Start of Block
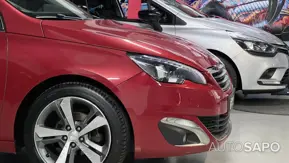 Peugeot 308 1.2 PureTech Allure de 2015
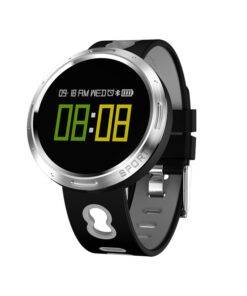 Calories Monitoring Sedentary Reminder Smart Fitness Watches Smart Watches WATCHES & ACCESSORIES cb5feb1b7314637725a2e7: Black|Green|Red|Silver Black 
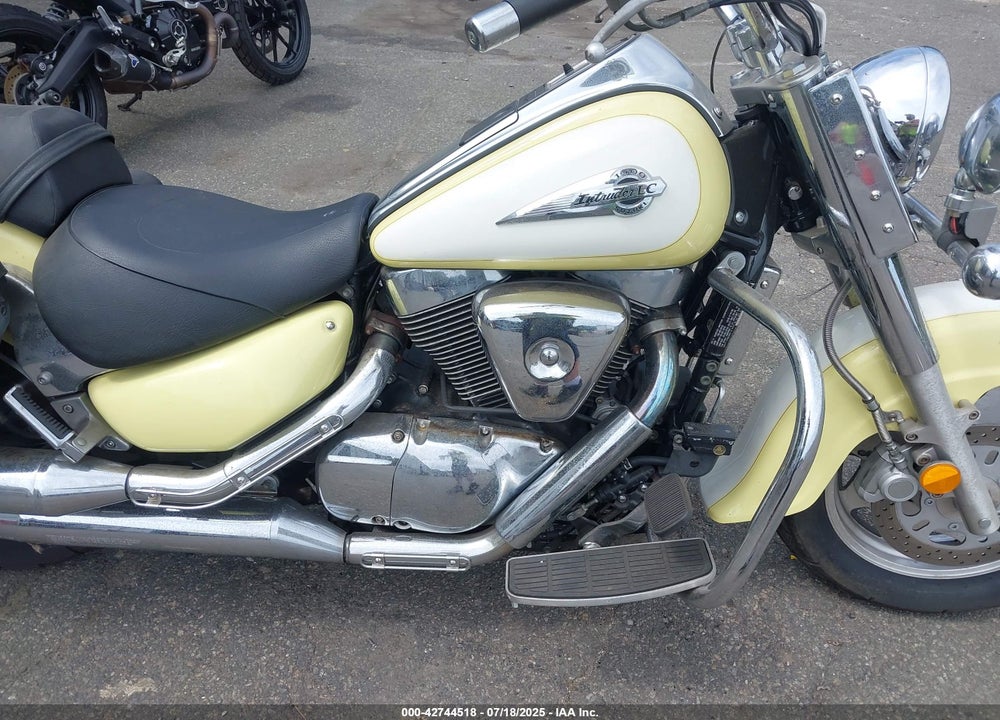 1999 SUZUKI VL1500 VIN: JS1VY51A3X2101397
End of Block
Start of Block
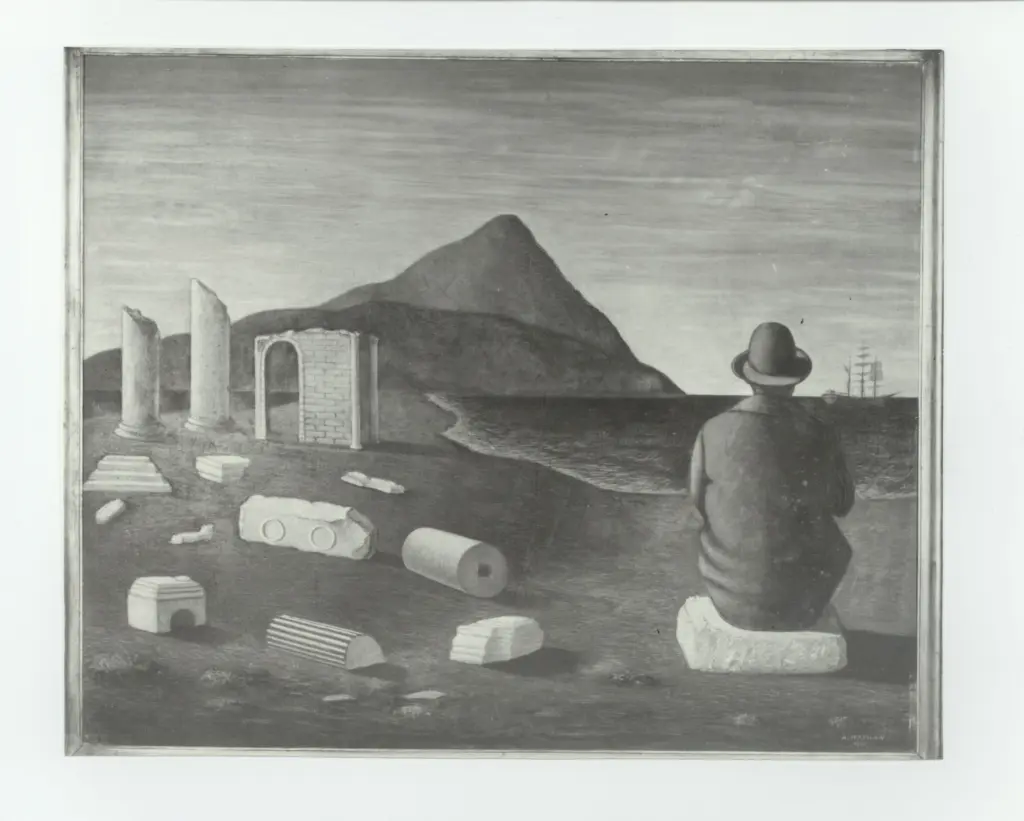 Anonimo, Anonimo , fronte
End of Block
**EXERCISE REQUIREMENTS**
Starting at the line above that holds "Peugeot 308 1.2 PureTech Allure de 2015", return each line up to and including the one that holds "1999 SUZUKI VL1500 VIN: JS1VY51A3X2101397", exactly as written, minus any pictures.

**SOLUTION TO THIS TASK**
 Peugeot 308 1.2 PureTech Allure de 2015
 Calories Monitoring Sedentary Reminder Smart Fitness Watches Smart Watches WATCHES & ACCESSORIES cb5feb1b7314637725a2e7: Black|Green|Red|Silver Black 
 1999 SUZUKI VL1500 VIN: JS1VY51A3X2101397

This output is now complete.